Finding Purple offers the opportunity for students with special needs to spend time with their peers once a week and create seasonal crafts while socializing in a safe, fun environment. Kids in the Educational and Life Skills (ELS) program come together after school to hang out with peers that may or may not be in classes with them, work on their crafts, and most importantly socialize. Crafts can vary from drawing with color pencils to cutting paper and gluing leaves. Peer helpers assist with tasks that require fine motor skills like cutting certain shapes out of paper or drawing a straight line.

“It’s great how committed the peer helpers are to this program which shows in the amount of time they invest in planning, organizing, and taking part in the activities every week,” points out Jones. “They know these kids from their day-to-day school interaction, and to see them outside of the normal school hours gives them the opportunity to create a whole new level of interaction and a new learning experience with each other, while enjoying each other’s company.”

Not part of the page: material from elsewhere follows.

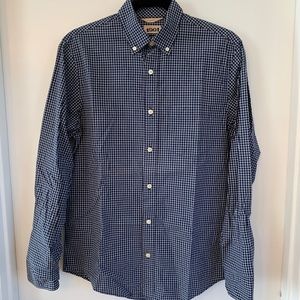 1901 NAVY WHITE CHECKERED LOMG SLEEVED BUTTON DOWN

Jones and co-sponsor Maria Santos receive a lot of positive feedback from parents who’ve asked if the club can meet more often. “Thanks, Ms. Jones, for all the time, thought and sensitivity you put into the class and the logistics pertaining to it,” says Corinne Guarraia, Madeline’s mother. “My daughter loves your program.”

“Claire loved the club last year (and seeing Tia and Maria) and is very excited to join again,” confirms Julie Schrager, Claire’s mother. “We also love the new name of the club.” The Foundation is proud to provide a grant to the Finding Purple Club to purchase craft supplies and materials.